Think of it like this. A promising prospect wants to move away to find a place elsewhere. You're inclined to let him - he doesn't look like breaking into the first team anytime soon. So, you sell him. Your reward is a nice stack of cash, and your risk is that the value he provides his new team is worth more than that money. Since potential is not guaranteed, it's entirely possible that even a token amount of money is more valuable than that player's top-level career, but if said player does pan out, losing him for not much money looks a little silly.

That balance drives the high price of young players, and is why, for example, Manchester United paid £20M for Phil Jones and Chelsea paid €9M for Thibaut Courtois.
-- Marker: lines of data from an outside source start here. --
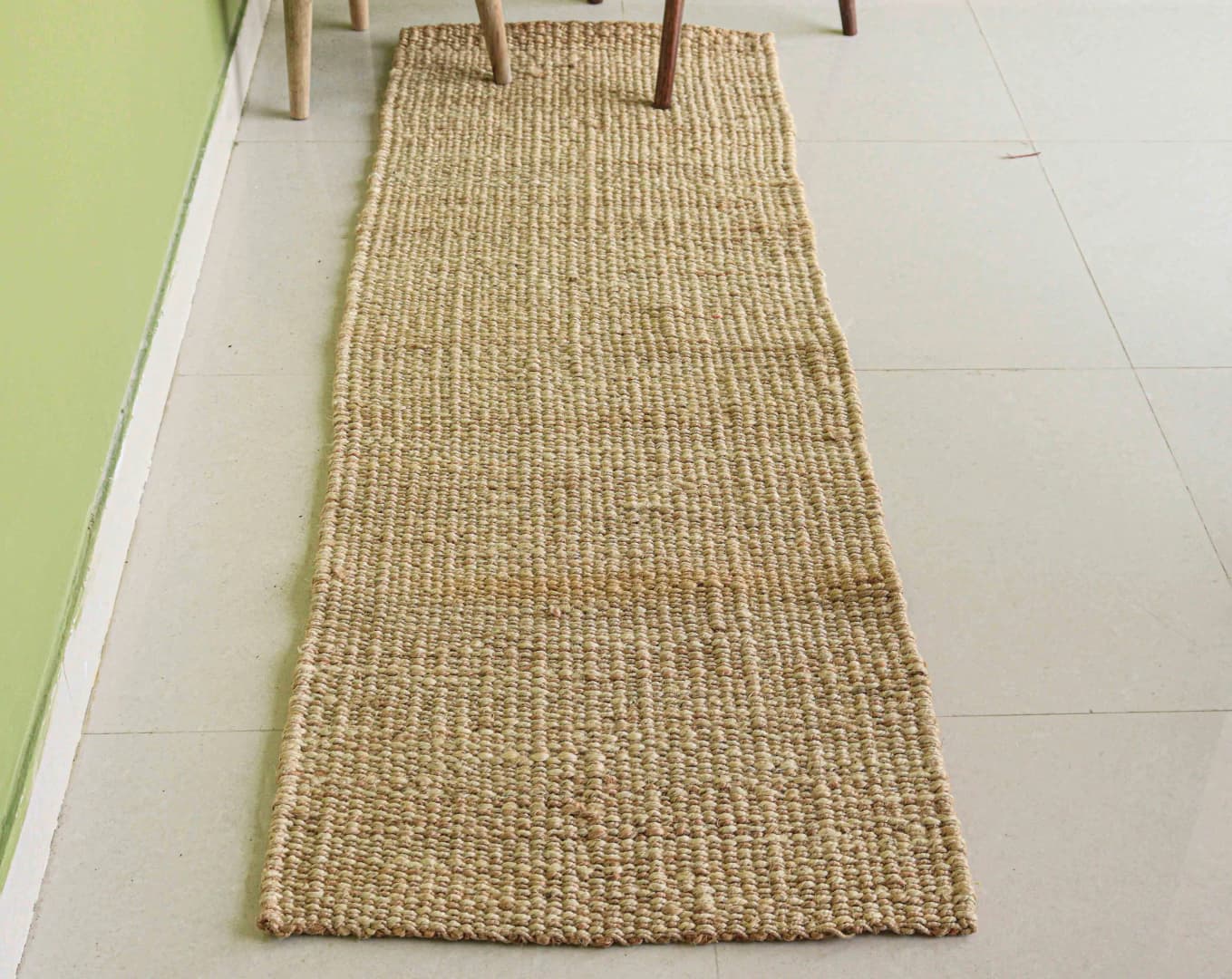 Beige Hemp Jute Rug Handwoven Jute Hemp Runner Rug for Living Room Decor Vintage Large Runner Dhurrie Rug 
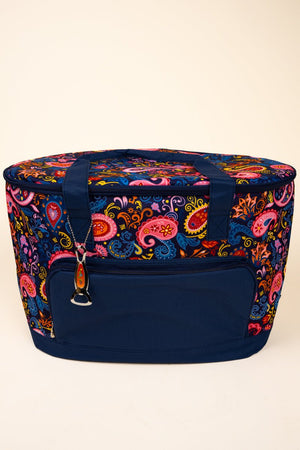 NGIL Paisley Pizzazz and Navy Cooler Tote with Lid - Wholesale Accessory Market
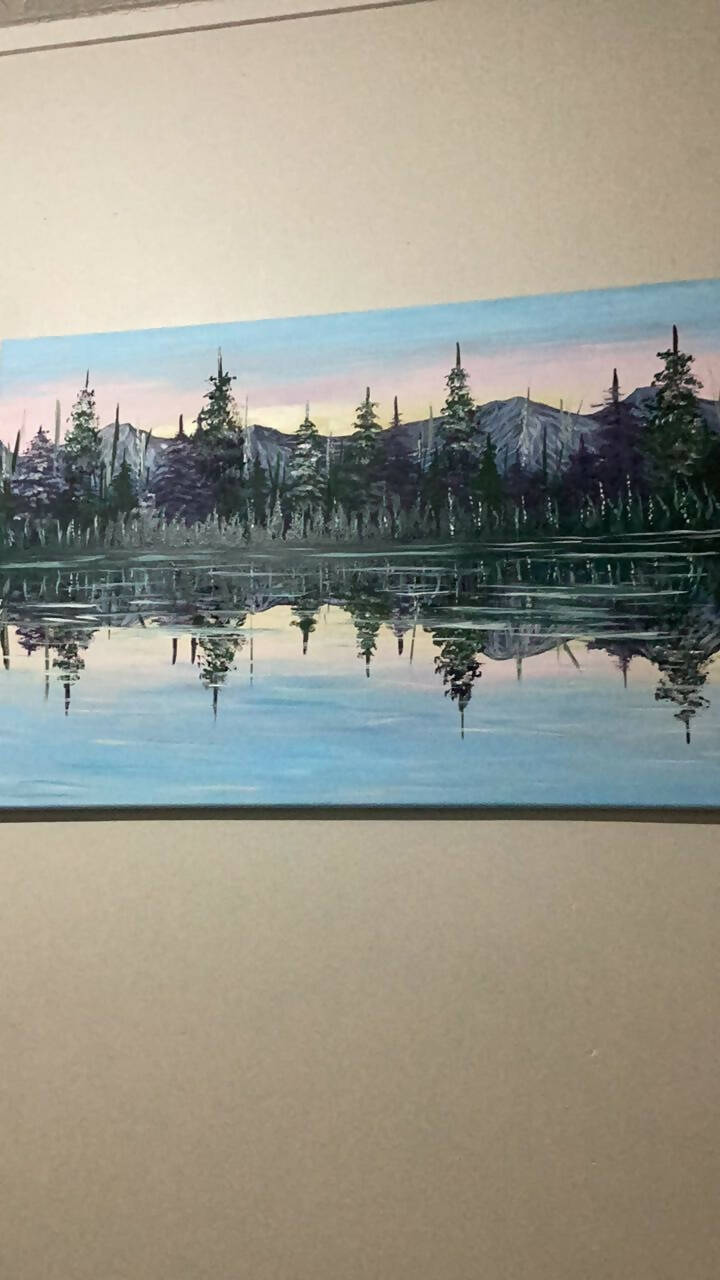 Mountain Reflection Acrylic painting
By and large, a club's hoped-for selling price when dealing with young players is their estimate of the surplus value (plus subsequent transfer fees) they might bring the team if they stayed.

That situation changes with the introduction of the buyback clauses. These essentially cap Barcelona's risk incurred from selling Romeu. If he develops into a star within the next two seasons, they can either retrieve him from Stamford Bridge or force Chelsea to pay significantly more than the relatively paltry figure for which he was signed. If he's mediocre, they don't have to worry about him. Essentially, the 'high risk' element of the transfer is completely gone for the seller.
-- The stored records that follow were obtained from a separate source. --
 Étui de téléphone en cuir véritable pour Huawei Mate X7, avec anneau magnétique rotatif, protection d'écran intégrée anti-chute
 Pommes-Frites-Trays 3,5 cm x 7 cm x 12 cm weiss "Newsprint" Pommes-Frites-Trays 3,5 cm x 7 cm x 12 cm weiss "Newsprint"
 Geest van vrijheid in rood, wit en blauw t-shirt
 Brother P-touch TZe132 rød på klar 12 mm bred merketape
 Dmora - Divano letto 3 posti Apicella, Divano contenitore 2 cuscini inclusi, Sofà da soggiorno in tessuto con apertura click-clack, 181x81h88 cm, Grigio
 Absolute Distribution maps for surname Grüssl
Of course, that means that the 'high reward' aspect for Chelsea is also more or less gone. They might get a superb player in Romeu for the long run, but they absolutely won't get a steal. Even if Barcelona don't need him, should Romeu step up and fulfill his potential, they can simply activate the buyback clause and either have Chelsea pay the amount (as yet unknown) specified in the no-take-backsies* clause or flip him to someone else for a significant profit.

*This is a highly technical contract term that I just made up.

From the Chelsea perspective, that's kind of annoying. Having a prospect hit his ceiling and that not being an obviously good thing makes it rather hard to get that excited about him. Many people, therefore, aren't. However, what the insertion of the buyback clauses has done is significantly lower the transfer fee itself. Instead of the ~£20M Chelsea might have been expected to pay for Romeu, they got him for £5M - quite clearly a manifestation of the lower risk from Barcelona's standpoint.

And that means that Chelsea have a lower risk in the transfer too, because they're paying significantly less. Depending on what you think they ought to be doing right now, that's a very good thing: Any significant expenditure on Romeu will come seasons down the line and only if he's good enough to be kept around. Going down this route with Romeu benefits Chelsea by letting them spend more this year, even if they don't get a huge reward should the 19-year-old develop into some kind of superstar.

So, if you're thinking to yourself, 'I like this move at the price, but I don't like the buyout clauses,' it's probably best to remember that the price Chelsea acquired Romeu for is because the clauses are inserted into the deal. Make of that what you will, but for me it's nice to have some fairly safe bets hanging around, even if the upside isn't as high as it could be. Yeah, it does temper my excitement about seeing Romeu grow, but that doesn't make this a bad business decision for Ron Gourlay and company.